O Tribunal Constitucional compreende a imposição legal referente a exigência de as notificações serem dirigidas aos defensores, visto que, os mesmos por serem os técnicos em matérias jurídicas lançam mão dos meios ou instrumentos mais adequados, a fim de exercer na plenitude o direito de defesa, constitucionalmente garantido.
Importa ainda salientar que, no caso em concreto, por se tratar de um processo de natureza penal, em que estão em causa aspectos inerentes à liberdade, neste contexto, o mandatário cumpre a função principal de garantir a melhor defesa ao arguido, por via dos instrumentos legais disponíveis.
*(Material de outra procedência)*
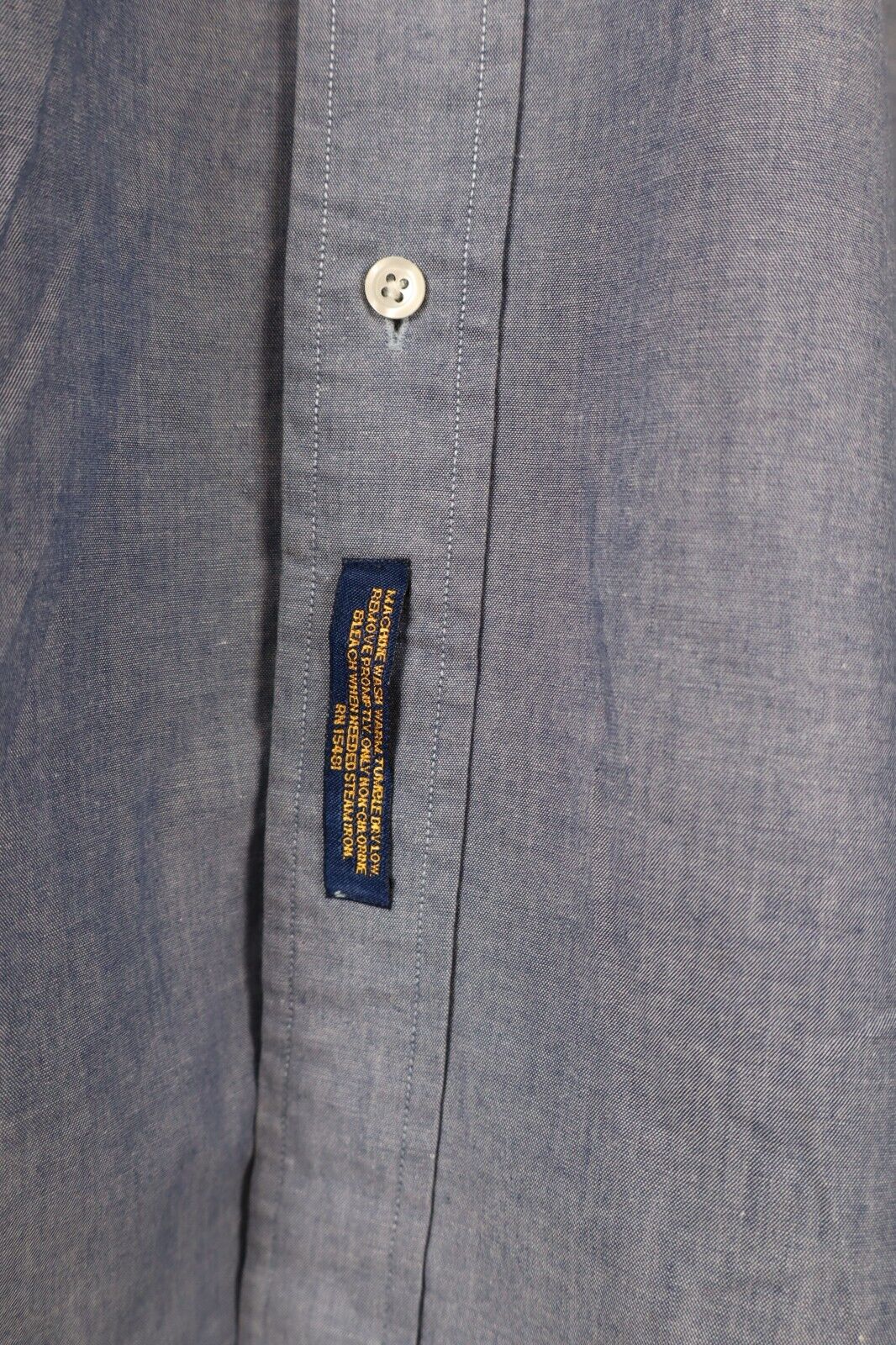 TOMMY JEANS HILFIGER CAMICIA UOMO TG 17 35 MAN CASUAL SHIRT VINTAGE SHIRT COTONE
Portanto, a decisão do tribunal ad quem não encerrava o processo penal em curso, conquanto, ainda tinha a virtualidade de ser impugnada, por via de recurso extraordinário de inconstitucionalidade, logo, a notificação directa ao réu, aqui Recorrente, sobre a decisão do tribunal ad quem, prescindindo da prévia notificação ao seu defensor constituído, violou o seu direito a ampla defesa, consagrado no n.º 3 do artigo 67.º, o princípio da legalidade, n.º 2 do artigo 6.º, ambos da CRA e o n.º 1 do artigo 253.º do CPC.
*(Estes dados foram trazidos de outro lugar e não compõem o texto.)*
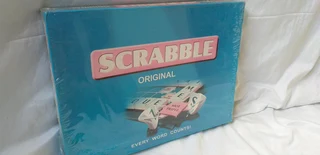 The Original Scrabble Board Game (NEW)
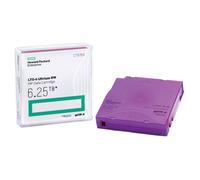 Hewlett Packard Enterprise HPE LTO-6 Ultrium Cinta de Datos Virgen, RW, 6.25 TB, Formato Re-Writable, Color Púrpura, Paquete de 20 Cartuchos con Estuches, 400 MB/s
Consta dos autos que o tribunal a quo, para além de ter ordenado a execução da decisão do tribunal ad quem sem notificar o mandatário do Recorrente, também não observou o prazo de 8 dias para que o Recorrente, querendo, interpusesse recurso.
Nos termos do n.º 6 do artigo 67.º da CRA, “Qualquer pessoa condenada tem o direito de interpor recurso ordinário ou extraordinário no tribunal competente da decisão contra si proferida em matéria penal…”.
Compulsados os autos, verifica-se que o Recorrente interpôs recurso da decisão proferida pelo tribunal a quo, tendo o tribunal ad quem, confirmando a decisão daquele tribunal.
Não obstante o Recorrente ter esgotado a cadeia recursória ordinária, este ainda gozava da faculdade de recorrer da decisão do Tribunal Supremo, por intermédio do recurso extraordinário de inconstitucionalidade, consagrado no artigo 49.º da LPC, que uma vez admitido, suspende a execução da decisão do tribunal ad quem.
O tribunal a quo, ao ordenar a detenção do Recorrente, para execução da decisão do tribunal ad quem, antes de terem decorrido 8 (oito) dias, para interposição de recurso extraordinário de inconstitucionalidade, que é um direito que ainda lhe assistia nos termos da lei, não restam dúvidas de que aquele tribunal, coartou o direito de recurso constitucionalmente garantido, no n.º 6 do artigo 67.º da CRA.
O Recorrente para opor-se à prisão, lançou mão à providência de habeas corpus, visto que a mesma foi ordenada em violação dos ditames legais, configurando-se, desta forma, numa prisão arbitrária.
O Tribunal Constitucional entende que o Recorrente socorreu-se do expediente adequado para opor-se à prisão, que no caso em concreto está eivada de inconstitucionalidade.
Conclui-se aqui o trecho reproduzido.